Seems like every time I go to town I buy two more of those water-proof match containers. So in the course of transitioning from winter packs to summer packs, I found about 15 of those things, and about 1/2 had the whistle & compass.

So I figured to turn the whistle ones into cotton ball/Vaseline containers. But I could not find my cotton ball inventory, so I cut about 60 Q-tips in half rolled them in Vaseline and packed them into the water-proof match containers.

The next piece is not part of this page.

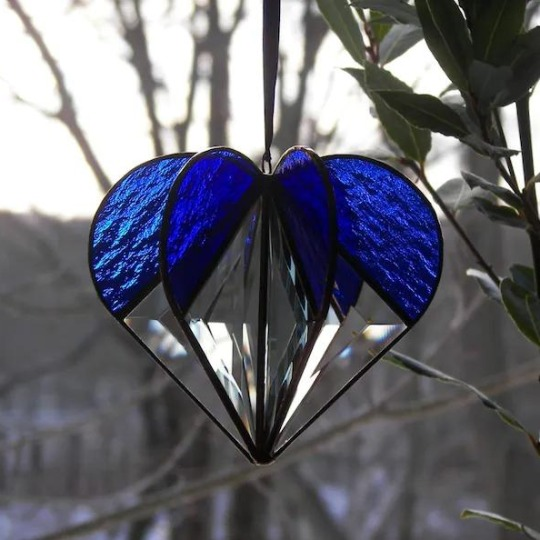 PrismGlow – Solettore a forma di cuore fatto a mano con riflessi arcobaleno vivaci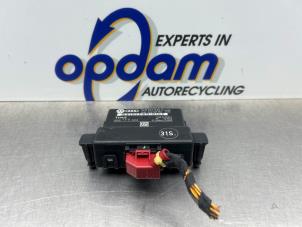 Gebruikte Gateway module Volkswagen Jetta III (1K2) 1.6 FSI 16V Prijs € 50,00 Margeregeling aangeboden door Gebr Opdam B.V.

It is a warm 53* above today so I am also stuffing the winter packs full of arctic clothing for storage, and re-painting the winter packs with two fresh coats of Gloss White. Which also acts as water-proofing.

----------


## crashdive123

If you use a lighter (or other flame) on the q-tips they should work fine.  Depending on how much Vaseline you put on them, it may be difficult to fluff them up enough to catch a spark.  Best to try it before you need it.

----------


## Sourdough

Good advise, each pack has several lighters, and several water-proof match containers, with self striking matches. I am phobic about being cold.

----------


## crashdive123

Me too.  Thinking about those nasty winters we have just gives me the shivers.

----------


## Rick

The Q Tip "sticks" are rolled paper so they should work great as kindling. Try kindling can sometimes be hard to find.

----------


## EdD270

Good idea, sourdough. Nice to find a use for things you wouldn't ordinarily carry.
I just put extra bandaids in my kit, and put a little lip balm on the cotton pad, then stick them to the tinder for a fire starter. Could carry some pj in a small tube or bottle, I guess. Sometimes I use hand sanitizer on the bandaids, it burns, too. If you use the fabric bandaids they burn very well. The plastic ones melt, but eventually burn.

----------